Complete step by step solution:
In question it is given that nitric acid has a molarity of 2.0.
So from the definition of molarity, we can get the number of moles of solute present in it.
$Molarity\;\left( M \right) = \dfrac{{Number\;of\;moles\;of\;solute}}{{Volume\;of\;solution\left( L \right)}}$
We have given that we used a solution having 250ml.
i.e.$Volume\; = \;250ml\; = 0.25L$
Therefore, we now know the volume and molarity of the solution.
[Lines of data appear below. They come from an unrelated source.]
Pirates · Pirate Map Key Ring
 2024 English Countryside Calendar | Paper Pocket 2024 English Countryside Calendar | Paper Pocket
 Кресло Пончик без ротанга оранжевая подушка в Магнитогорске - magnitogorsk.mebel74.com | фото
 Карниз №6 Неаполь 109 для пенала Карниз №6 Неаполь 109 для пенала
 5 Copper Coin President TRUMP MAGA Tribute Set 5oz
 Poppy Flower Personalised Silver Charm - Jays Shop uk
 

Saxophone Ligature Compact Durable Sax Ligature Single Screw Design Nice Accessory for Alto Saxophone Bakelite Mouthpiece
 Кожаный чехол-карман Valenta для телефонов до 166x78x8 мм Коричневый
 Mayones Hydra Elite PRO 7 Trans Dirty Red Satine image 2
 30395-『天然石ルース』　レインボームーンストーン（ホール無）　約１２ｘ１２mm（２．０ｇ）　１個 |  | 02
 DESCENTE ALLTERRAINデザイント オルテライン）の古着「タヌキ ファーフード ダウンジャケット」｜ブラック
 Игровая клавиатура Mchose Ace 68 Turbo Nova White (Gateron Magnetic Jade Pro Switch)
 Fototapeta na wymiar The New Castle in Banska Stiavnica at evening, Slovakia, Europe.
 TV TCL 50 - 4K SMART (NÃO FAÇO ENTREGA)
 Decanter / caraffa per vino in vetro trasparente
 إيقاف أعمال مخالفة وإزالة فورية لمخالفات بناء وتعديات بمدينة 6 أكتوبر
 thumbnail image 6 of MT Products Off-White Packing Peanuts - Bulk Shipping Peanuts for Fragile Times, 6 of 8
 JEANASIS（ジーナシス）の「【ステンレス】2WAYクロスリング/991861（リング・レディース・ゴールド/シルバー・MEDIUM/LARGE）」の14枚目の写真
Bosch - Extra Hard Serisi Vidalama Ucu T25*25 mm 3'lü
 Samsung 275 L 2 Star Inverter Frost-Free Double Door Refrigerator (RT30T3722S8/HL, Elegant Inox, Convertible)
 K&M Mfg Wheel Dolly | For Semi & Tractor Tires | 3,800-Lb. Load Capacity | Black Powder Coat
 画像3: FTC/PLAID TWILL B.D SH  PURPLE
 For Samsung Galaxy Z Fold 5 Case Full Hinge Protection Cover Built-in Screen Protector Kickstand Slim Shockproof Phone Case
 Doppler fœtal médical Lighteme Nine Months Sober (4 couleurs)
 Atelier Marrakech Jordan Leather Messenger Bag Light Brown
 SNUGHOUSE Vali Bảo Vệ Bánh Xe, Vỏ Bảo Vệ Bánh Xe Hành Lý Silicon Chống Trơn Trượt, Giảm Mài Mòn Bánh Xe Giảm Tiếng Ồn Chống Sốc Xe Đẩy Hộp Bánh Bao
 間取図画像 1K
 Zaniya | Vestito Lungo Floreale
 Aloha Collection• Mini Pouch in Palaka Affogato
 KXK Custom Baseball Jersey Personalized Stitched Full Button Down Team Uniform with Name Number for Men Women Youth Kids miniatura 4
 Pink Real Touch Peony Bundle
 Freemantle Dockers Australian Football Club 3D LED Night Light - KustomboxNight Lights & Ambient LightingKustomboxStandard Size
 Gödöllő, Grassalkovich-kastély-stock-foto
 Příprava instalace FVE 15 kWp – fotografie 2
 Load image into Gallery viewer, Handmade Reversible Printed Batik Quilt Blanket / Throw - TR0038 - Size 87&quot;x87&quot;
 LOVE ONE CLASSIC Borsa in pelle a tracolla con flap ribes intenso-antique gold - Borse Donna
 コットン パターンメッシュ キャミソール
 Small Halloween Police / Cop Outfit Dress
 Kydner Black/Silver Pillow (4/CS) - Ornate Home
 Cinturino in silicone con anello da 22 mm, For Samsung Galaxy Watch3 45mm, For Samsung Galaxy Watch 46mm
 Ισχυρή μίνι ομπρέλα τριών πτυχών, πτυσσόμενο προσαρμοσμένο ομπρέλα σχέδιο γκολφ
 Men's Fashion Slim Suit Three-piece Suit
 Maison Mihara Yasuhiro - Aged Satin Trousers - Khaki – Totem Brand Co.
Now to find the number of moles of solute.
$Number\;of\;moles = Molarity \times Volume$
Substituting the values in the equation, we get
$Number\;of\;moles = 2.0 \times 0.25 = 0.5\;moles$
Therefore, the number of moles of solute in solution is 0.5
We know that 1 mole of $HN{O_3}$ contains $1g$ of Hydrogen, $14g$ of Nitrogen, $3 \times 16g$ of Oxygen. So the total mass of $HN{O_3}$ becomes $63g$.
That is 1 mole of $HN{O_3}$ contains $63g$. But we have only 0.5 moles
i.e, $mass\;of\;HN{O_3} = 0.5 \times 63 = 31.5g$
From question it is given that it is 70% concentrated, which means when there is 100g of solution it will have 70g of $HN{O_3}$
i.e, 70g of $HN{O_3}$ are present in the 100g of solution.
So, 1g of $HN{O_3}$ will be present in $\dfrac{{100}}{{70}}g$ of solution
Now, $31.5g$ of $HN{O_3}$ is present.
Then the mass of solution = $31.5 \times \dfrac{{100}}{{70}}$
$= 45g$
The mass of solution is $45g$.

**i.e., Option A is correct.

Note:**
We can use molarity for dilution of a solution
${M_1}{V_1} = {M_2}{V_2}$
Where ${M_1}$ is the initial molarity, ${V_1}$ is initial volume. ${M_2}$ is final molarity and ${V_2}$ is final volume.